Provided records:
☆ ☆ ☆ ☆ ☆ ☆ ☆
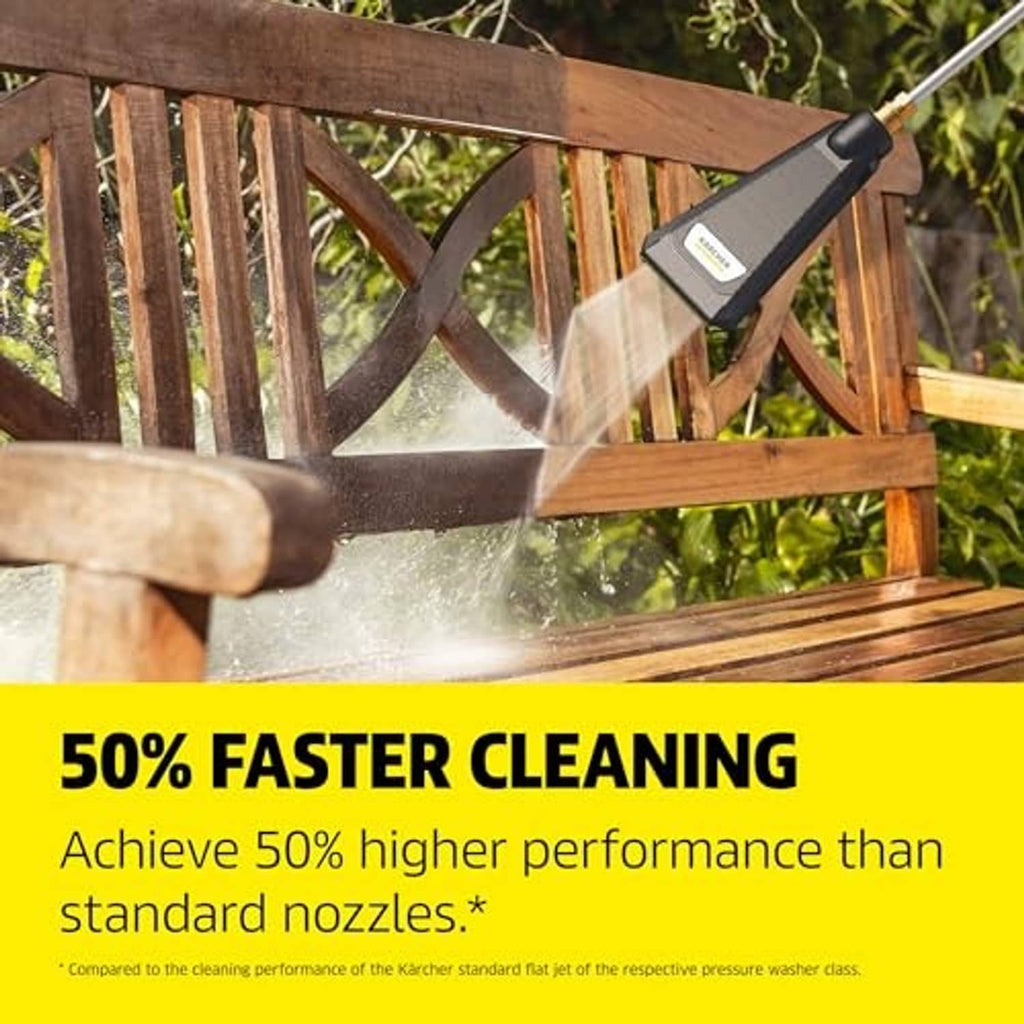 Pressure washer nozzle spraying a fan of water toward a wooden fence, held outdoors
☆ ☆ ☆ ☆ ☆ ☆ ☆
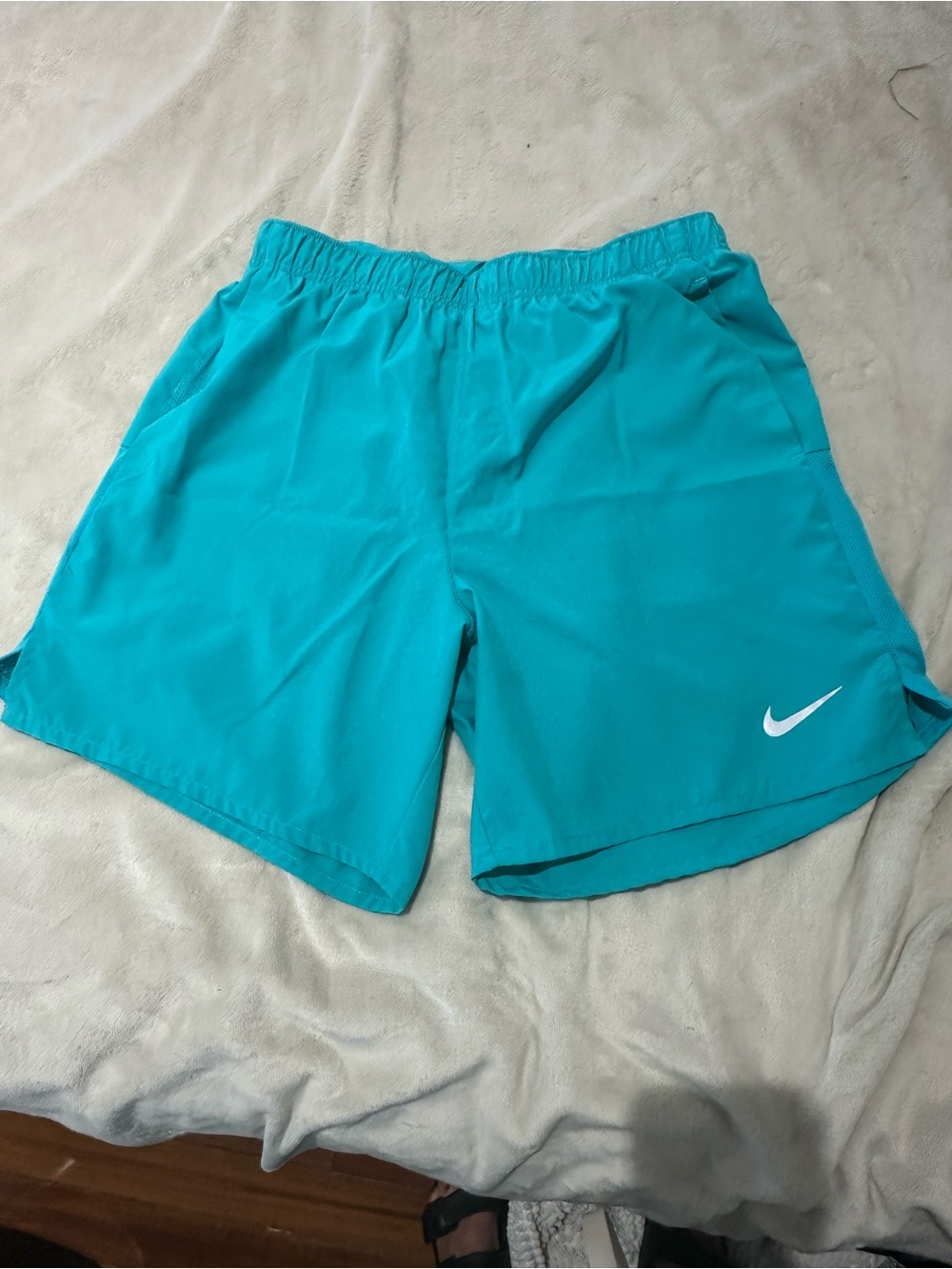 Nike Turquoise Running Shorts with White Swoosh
☆ ☆ ☆ ☆ ☆ ☆ ☆
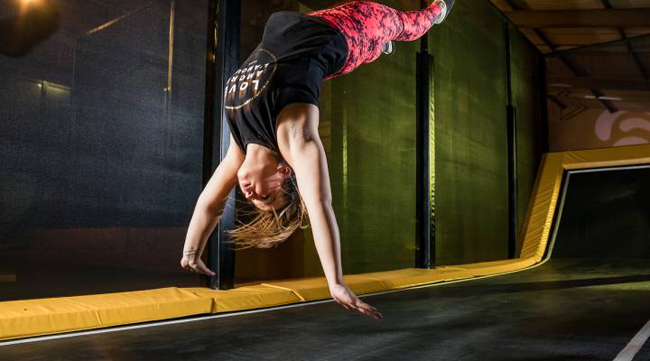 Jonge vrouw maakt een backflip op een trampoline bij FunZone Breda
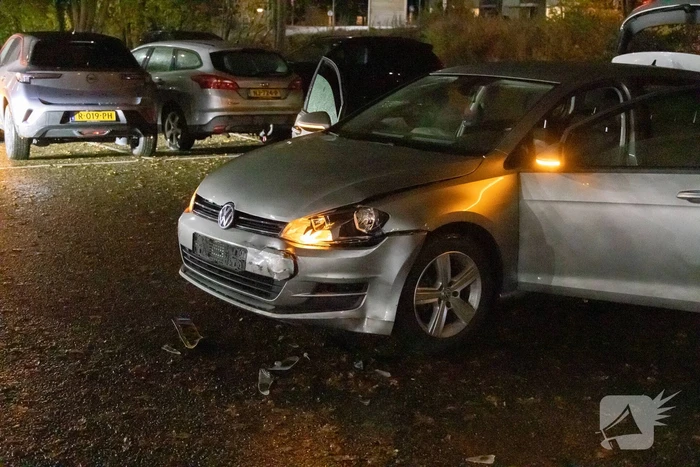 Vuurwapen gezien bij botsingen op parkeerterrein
☆ ☆ ☆ ☆ ☆ ☆ ☆
Your goal: Starting at the line above that holds "Jonge vrouw maakt", repeat every line exactly down to and including the line that holds "Vuurwapen gezien bij", then stop. Do not carry over any pictures.

Result of this task:
 Jonge vrouw maakt een backflip op een trampoline bij FunZone Breda
 Vuurwapen gezien bij botsingen op parkeerterrein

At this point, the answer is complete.